→ **What the task asks**
Exact copy, no pictures: every line from the one that contains "Bulk Green Lentils - & Non-GMO Verified" through the end of the data below, and nothing else.

[Records from a data collection]
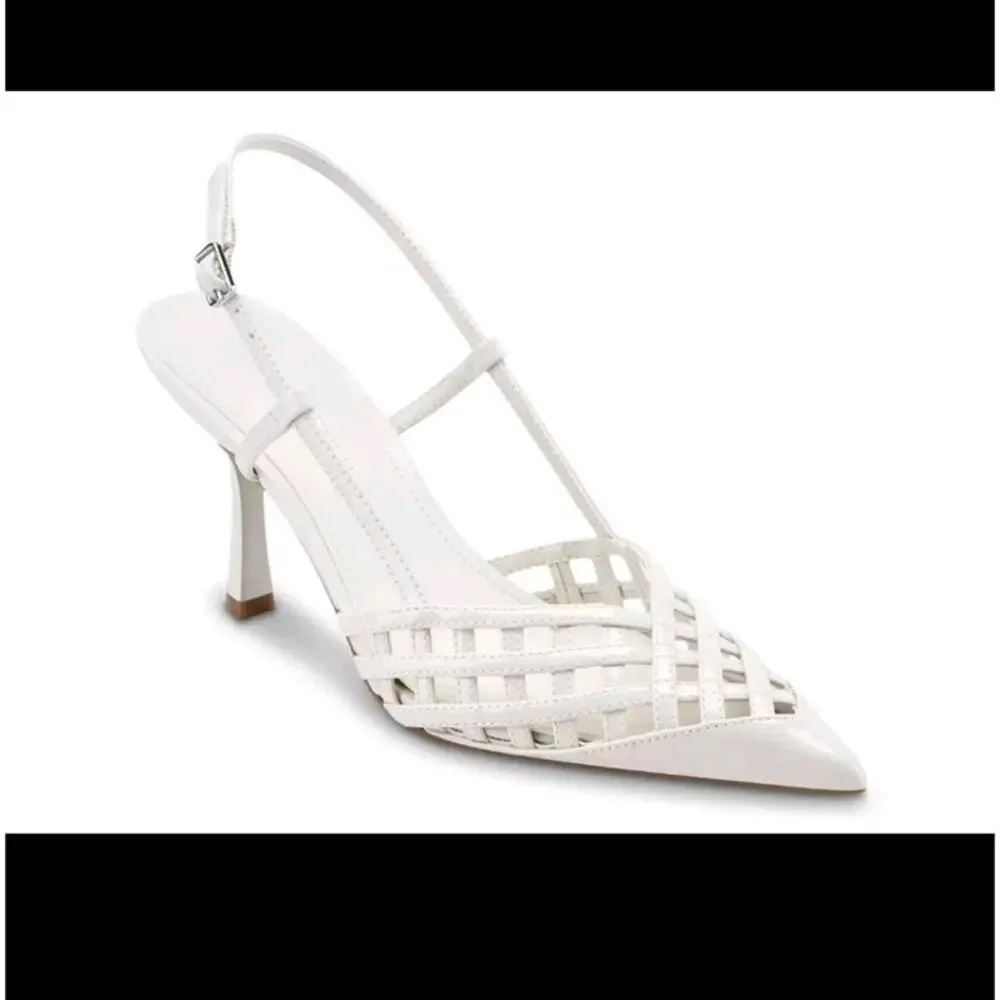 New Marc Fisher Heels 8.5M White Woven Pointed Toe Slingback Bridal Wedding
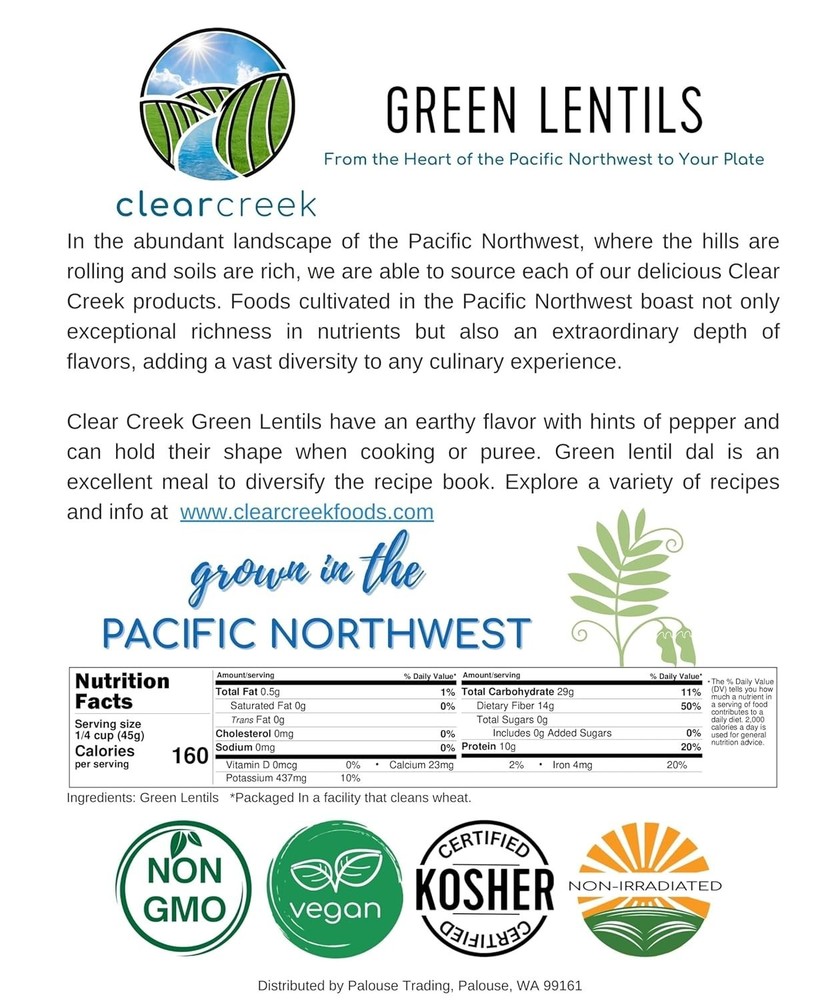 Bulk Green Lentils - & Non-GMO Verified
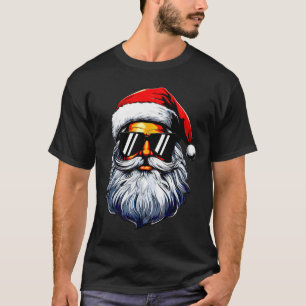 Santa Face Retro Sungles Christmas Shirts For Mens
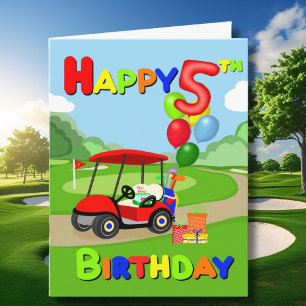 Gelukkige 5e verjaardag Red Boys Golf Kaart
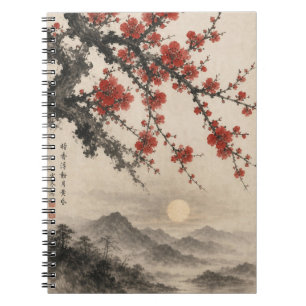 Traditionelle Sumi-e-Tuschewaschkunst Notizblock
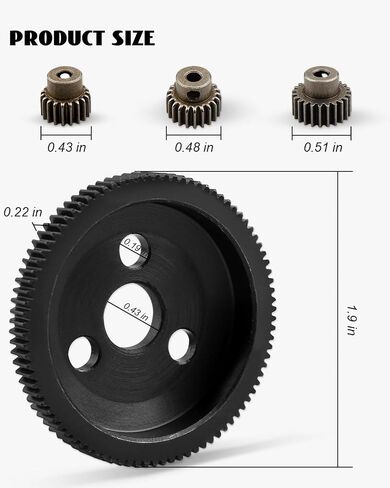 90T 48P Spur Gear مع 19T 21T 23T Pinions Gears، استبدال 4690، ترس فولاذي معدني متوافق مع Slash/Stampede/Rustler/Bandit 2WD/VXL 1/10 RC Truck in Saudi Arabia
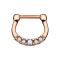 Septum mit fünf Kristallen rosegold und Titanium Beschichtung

→ **Problem solution**
 Bulk Green Lentils - & Non-GMO Verified
 Santa Face Retro Sungles Christmas Shirts For Mens
 Gelukkige 5e verjaardag Red Boys Golf Kaart
 Traditionelle Sumi-e-Tuschewaschkunst Notizblock
 90T 48P Spur Gear مع 19T 21T 23T Pinions Gears، استبدال 4690، ترس فولاذي معدني متوافق مع Slash/Stampede/Rustler/Bandit 2WD/VXL 1/10 RC Truck in Saudi Arabia
 Septum mit fünf Kristallen rosegold und Titanium Beschichtung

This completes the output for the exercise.